Democrats have never accepted the rationalizations of free
trade, productivity, or costs that demean human labor. It
has never been, nor will it ever be, acceptable that humans
labor in the United States but are still poor. That humans
labor and are likely to lose a hand. That humans labor and
thus their children have birth defects. That humans have to
fight for ten years just to get a portable toilet at their
workplace.
The Republicans may now set the agenda of cutting taxes for
the rich, letting corporations escape all taxation, making
us pay the cleanup for polluters, gutting OSHA and the Department
of Labor, and denying workers health insurance. They may steal
an election, make us the laughingstock of the world, hand
over energy policy to the oil companies, and ignore food laborers,
but one day they will be gone.
When they finally are it will be up to us to repair the damage
and start the fight anew. So that food workers, on whom we
all depend on so much, won’t lose a hand at work one day.

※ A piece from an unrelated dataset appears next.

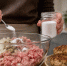 1 ложка в фарш – и котлеты получаются пышными и сочными, даже из сухого мяса: повара давно используют эту хитрость - Prochepetsk.ru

So that chemicals won’t give their children birth defects.
So that their spouses can cook a decent meal at night in a
clean room instead of a rat-infested shanty. So that we show
the country and the world one of our founding principles:
that humans will never labor in this country under conditions
that Satan himself would cackle with glee over.
Until then, Holy Father, please watch over them.
1.
Eric Schlosser, Fast Food Nation.
Joseph Arrieta is a Writer and Web Producer living in San
Jose, California.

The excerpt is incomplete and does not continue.